Traceback (most recent call last):
  File "benchmark.py", line 35, in <module>
    duration = run_batch_update(batch_date, args)
  File "<<BASE_PATH>>/ldbc_snb_bi-main/tigergraph/batches.py", line 95, in run_batch_update
    result, duration = run_query(f'del_{vertex}', {'file':str(docker_path/fp.name), 'header':args.header}, args.endpoint)
  File "<<BASE_PATH>>/ldbc_snb_bi-main/tigergraph/batches.py", line 35, in run_query
    return response['results'][0]['result'], duration
KeyError: 'results'

After a little investigation:

  1. scripts ignore some variables set in the environment and/or passed to the scripts/benchmark.sh (script vars.sh rewrites them)
  2. python scripts also lose the path while passing to methods
  3. run_query method (batches.py) fails - http://100.67.80.11:9000/query/ldbc_snb/del_Comment request returns {'version': {'edition': 'enterprise', 'api': 'v2', 'schema': 0}, 'error': True, 'message': "Runtime Error: File '/data/deletes/dynamic/Comment/batch_id=2012-11-29/part-00000-763d926e-20e7-4961-b04c-f510e70e9e80.c000.csv' does not exist."} so there's no results key. As the message points out - there is no such file (probably connected to the pathing issue described above).
szarnyasg commented 2 years ago

Thanks! @yczhang1017 can you please take a look?
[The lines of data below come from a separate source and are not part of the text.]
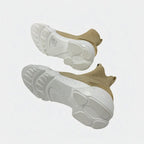 Christian Dior Sneakers Shoes Fabric Leather Gold White Socks Logo Line — view 6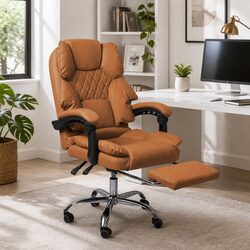 Brown Ergonomic Gaming Office Chair with Reclining Footrest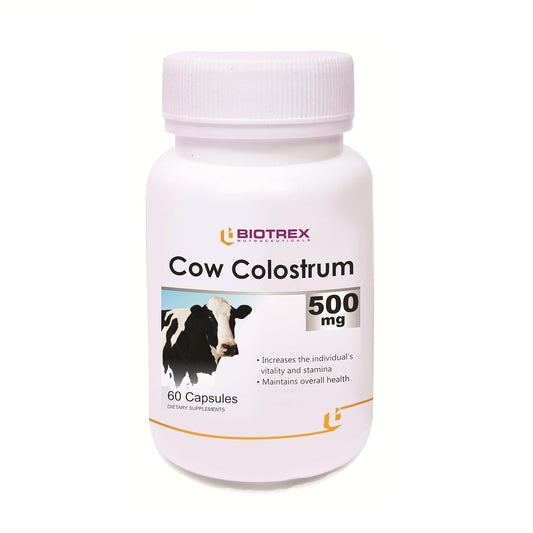 Biotrex Nutraceuticals Cow Colostrum, 500 mg, Ultimate Health Supplements For Immunity System Support - 60 Capsules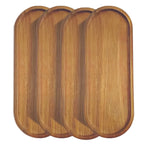[8pcs Wood Serving Trays] 8pcs Oval Wooden Plates Wood Serving Trays | 10 And 12 Inch Charcuterie Boards Wood Serving Platter Cheese Dinner Plates | Bulk For Dessert Snack Bread Fruit Appetizer Dishes - House Of Avana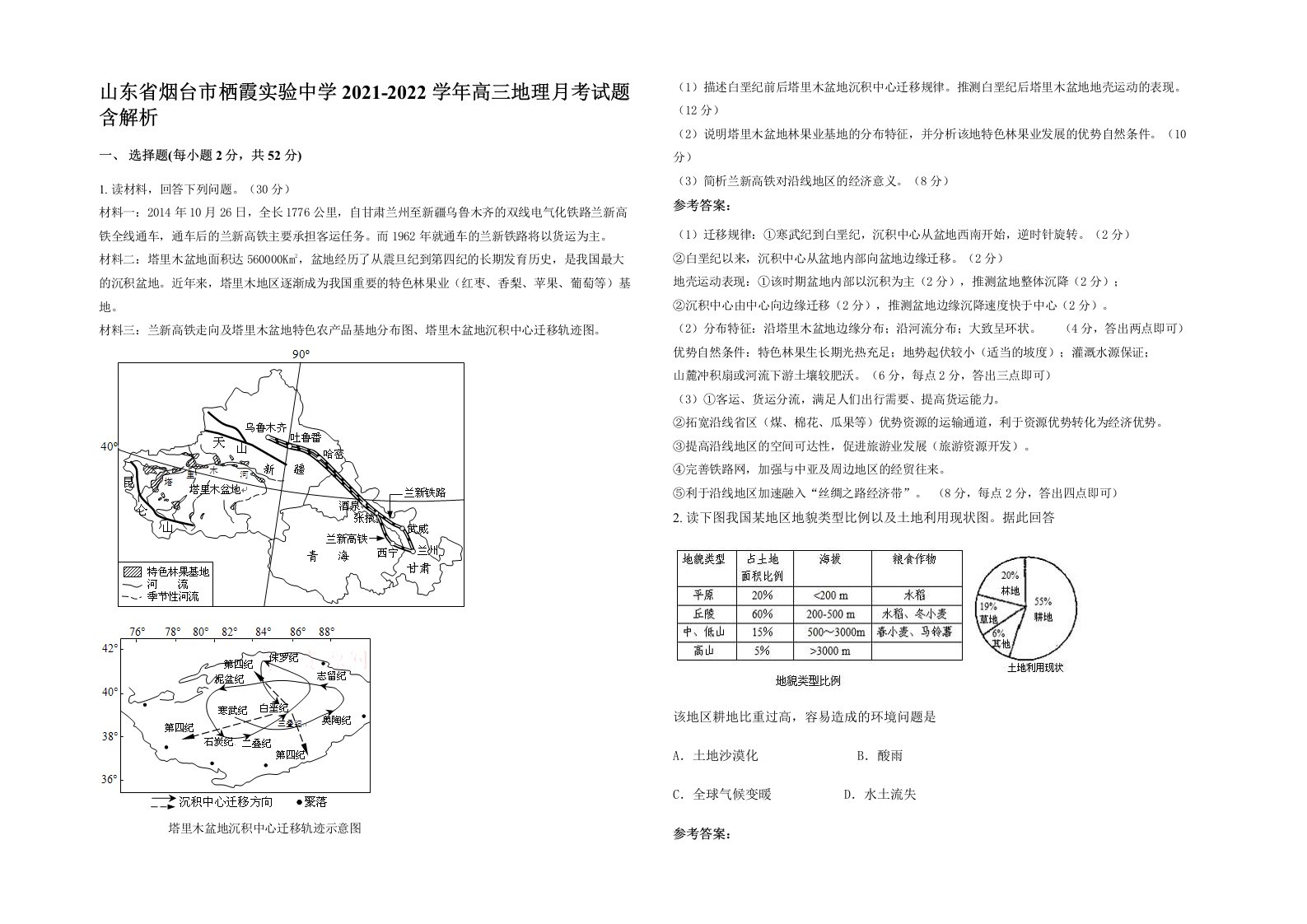 山东省烟台市栖霞实验中学2021-2022学年高三地理月考试题含解析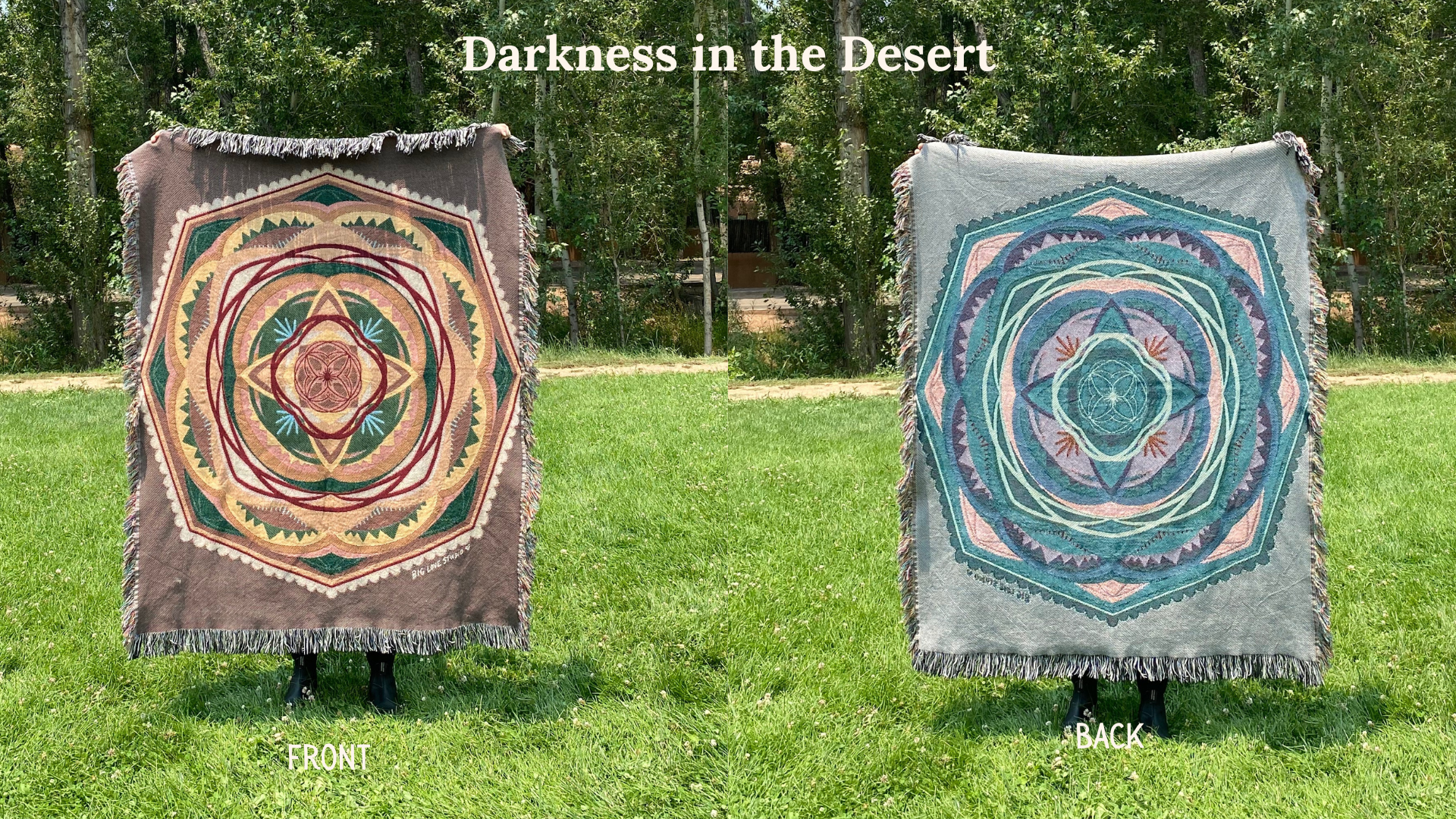 Front and back of a colorful mandala woven blanket with the back more blues and greens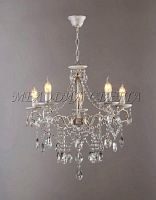 Люстра потолочная пятирожковая на цепочке Мелодия Света Е27 220В Белая  картинка 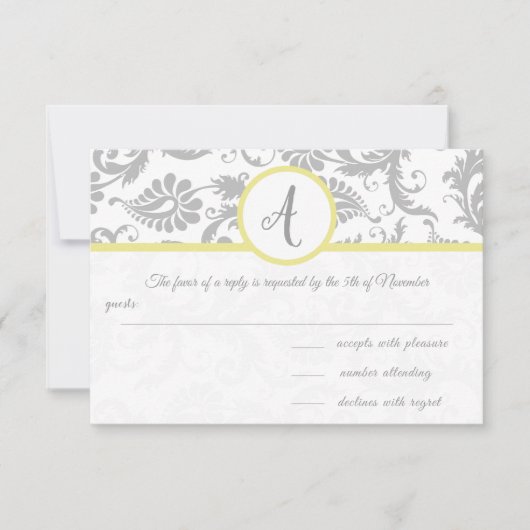 イエローアイリス&グレーダマスクRSVP挿入 出欠カード (正面)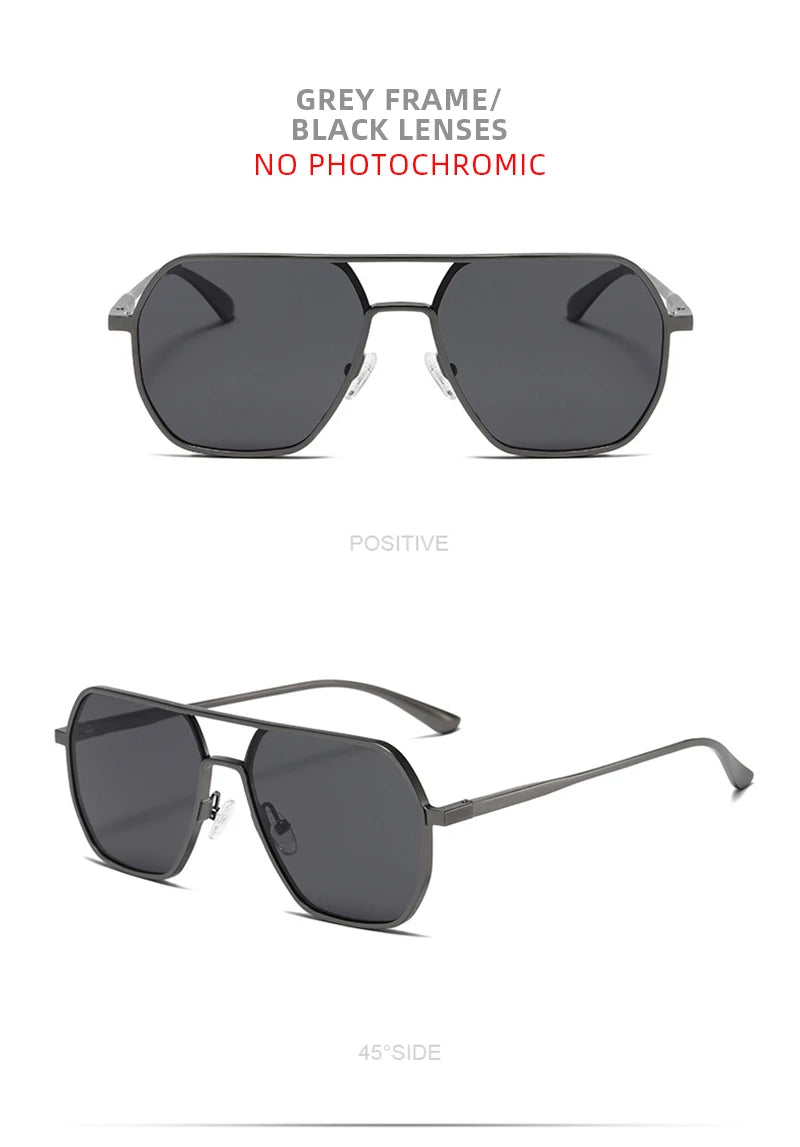 Lyxiga Metallisk Photochromic Solglasögon för Män och Kvinnor - Fashion Polariserade Sunglasses - Stiliga Kameleon Antiglans Körtillägg UV400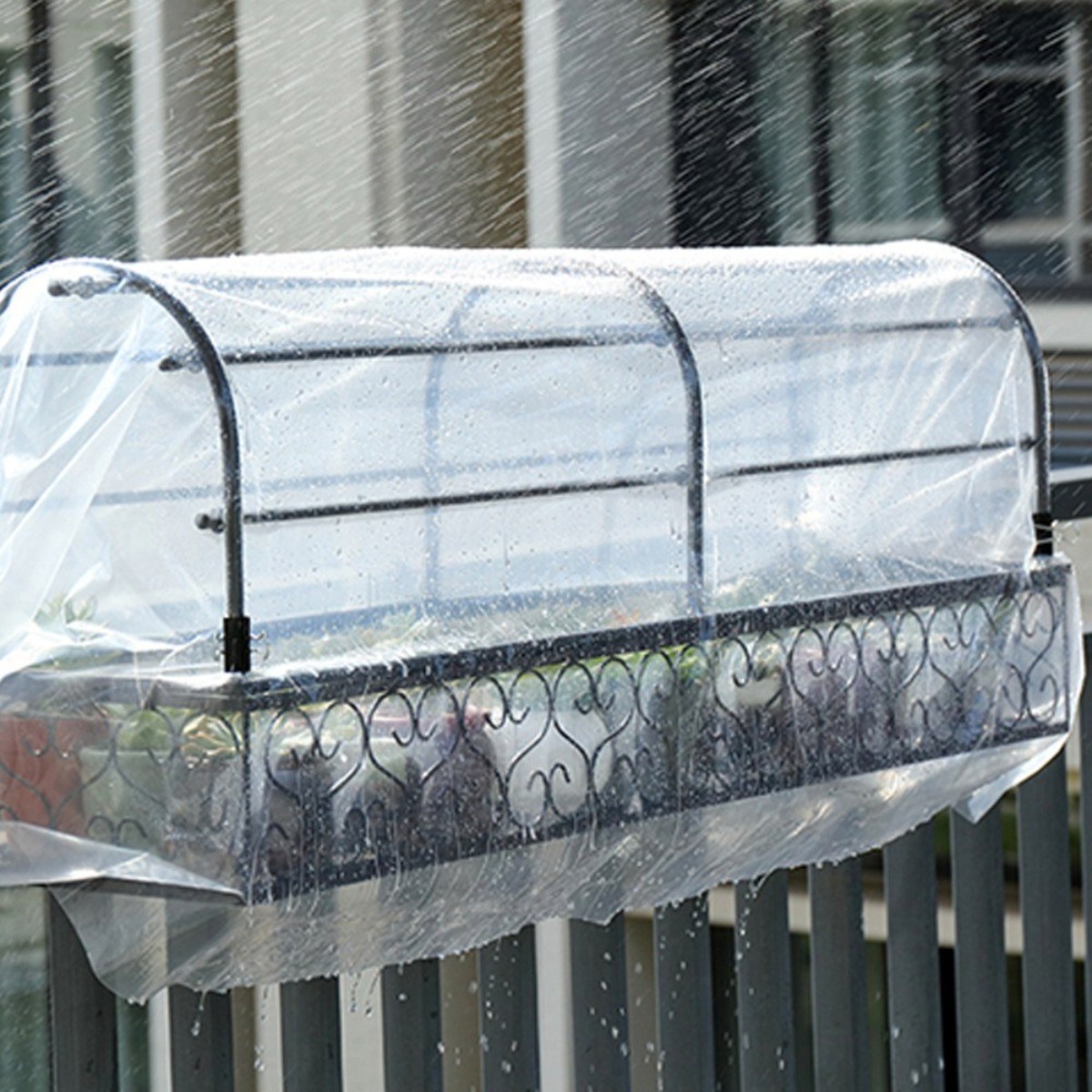 모칸도 베란다 화분걸이+하우스거치대 세트 100x20cm 난간용고리, 일반 블랙, 1개 58,900원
yuchenZhangTG commented 2 years ago

@pgrabusz The error suggest the deletes data files do not exist on the server node 100.67.80.11. For cluster mode where TigerGraph is installed outside the docker, you need to add --cluster option for batches.sh and benchmark.sh. This option allows all the nodes to process the batch update files. Please refer to ./k8s/benchmark.sh or ./k8s/batches.sh script to run benchmark on clusters.